Before you cry foul, let me explain: I was raised in a protestant household that was active in their church. I was steeped in it all my life. The more people were gathered, the more the "spirit" was felt ... or, at least, the more earnestly it is sought. The weepy prayer sessions and whatnot were more emotionally charged because of the people involved than any religious experience: in fact, I believe it was the emotional aspect of the ceremonies that invoke the religious feelings. I digress ....

Once I entered college I was introduced through a friend to a group of people. If there are any LDS people here you might as well just stop reading because I will severely offend you.

STOP HERE! YOU WILL NOT BE WARNED AGAIN!

Okay, with that said, I was introduced to the Mormon religion. As I began reading and studying on it I was bewildered by the absolute insanity of their claims, principles, and beliefs. Their tool to recruit new members is primarily fourfold:

1) Put out the image of a wholesome group. All in all, their lifestyle is attractive and stable. You don't see many of the problems that are found in other areas of society ... by design, but I'm jumping ahead again.

2) Surround you with people that repeat "the church is true" over and over and over ad infinitum.

3) Tell you that in order to know if their claims are true you must basically believe they are true.

4) Increase your investment in their group so it is hard to leave.

The third doesn't make sense, does it? In order to know something is true, you have to believe it is true ... and the more you believe it is true in your mind, the more it IS true ... at least to you. They basically set you on a course to brainwash yourself, and surround you with people that make the job easier. They try to involve you in church activities at every possible turn so you never have a chance to see reason. After enough time, you actually come to believe that you believe, and it's all downhill from there.

I mean, come on: I'm a pretty level-headed and rational person. It is hard to believe looking back that I actually believed that God is a deified man who lives on a glass ball called Kolob somewhere in the universe, he knocked up Mary so his spirit son (our spirit brother, along with the devil) could bleed for us (his death was an unfortunate happenstance) under an olive tree, and that we have to perform cribbed masonic rites in a stuffy building while wearing magic underwear or we won't be able to hang out with our wives in the afterlife where we will rule as gods while our wives punch out billions of spirit children for our own personal domain. Hey, but one of these days we'll get a chance to get molested by God through a veil and we'll have to know the secret password about having massive loins in order to get into Heaven ... assuming that some philandering con-man named Joseph Smith concurs with God's decision. Pay Lay Ale, eh?

Sounds pretty insane, huh? Well, once you convince yourself hard and long enough that something is true, it's hard to go back and question it. The more time you spend in a church or faith, the less likely you are going to question your beliefs.

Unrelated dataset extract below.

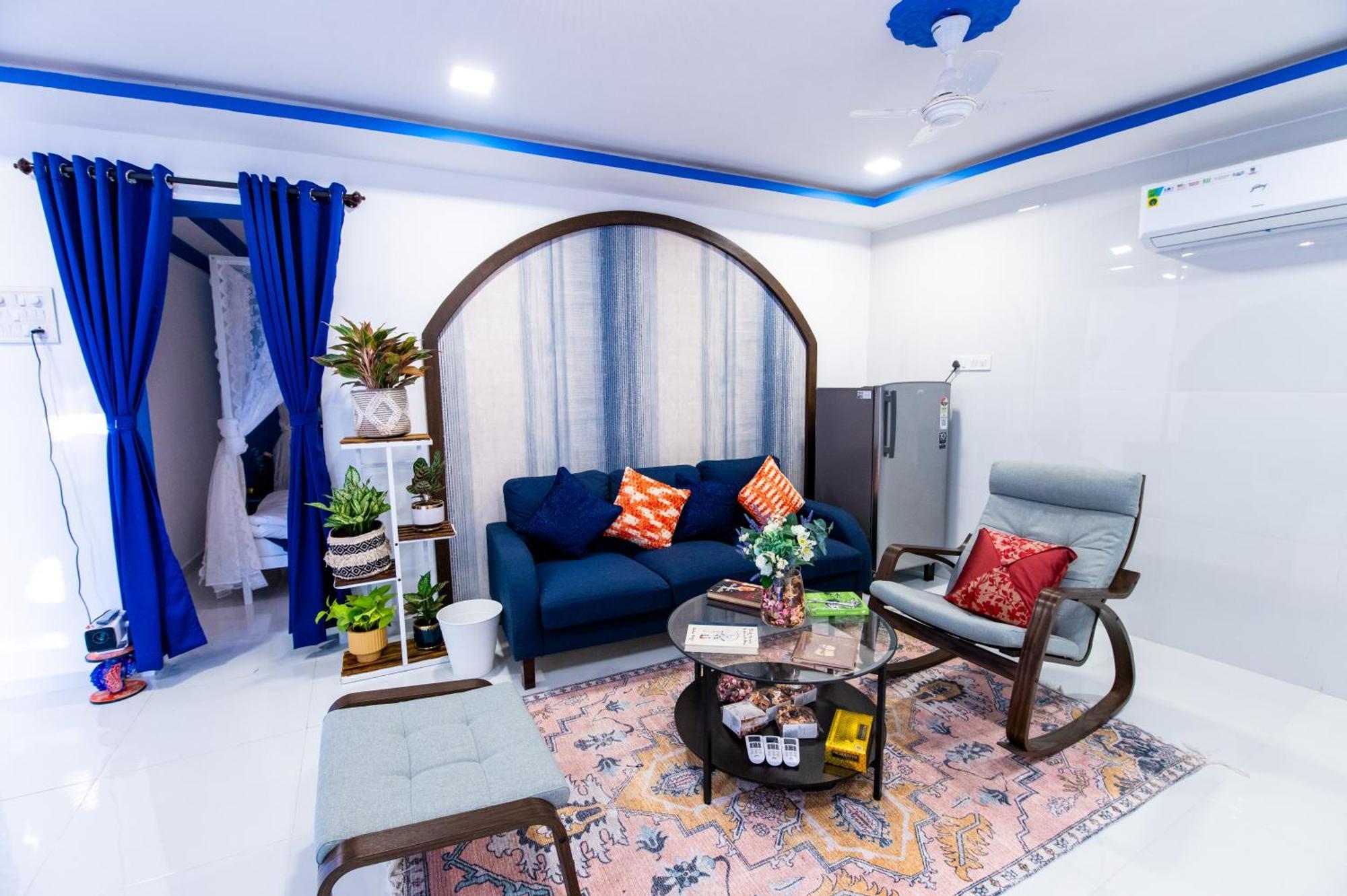 Swank Gateway 1bhk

Really, if all the people around you believe it, and you've believed it so long, how can it be wrong? The desperate looks on their faces, that is because of a bad breakfast, not because they are doubting the same way you are, right? Right?

Even after my wife and I had conclusively proven that the Mormon church was a complete scam she still wanted to keep going. Why? Why continue to pay money to con-men and liars? Why continue to hang out with the deluded? Simply, she had so much of her life invested in that church that she didn't want to leave. She was afraid she would lose friends and such. SHE WAS WILLING TO PRETEND TO BELIEVE A LIE RATHER THAN STAND UP FOR HER BELIEFS. She had been told (and said) that "the church is true" so much that she never bothered to question it. The funny thing was that as we were demanding to be taken from the records of that church I talked to a few different people that still went there and found that they all knew it was a crock as well. They just kept going out of habit and convenience ... it was more a social club than a church. Anyone that had doubts was shunned and attacked. Anyone who spoke out against anyone in authority was attacked and the magical blessings and such that you were "endowed" with (I considered myself well endowed before joining this group, and I never noticed any difference afterwards, hehe) may be revoked. Boo fsckin hoo.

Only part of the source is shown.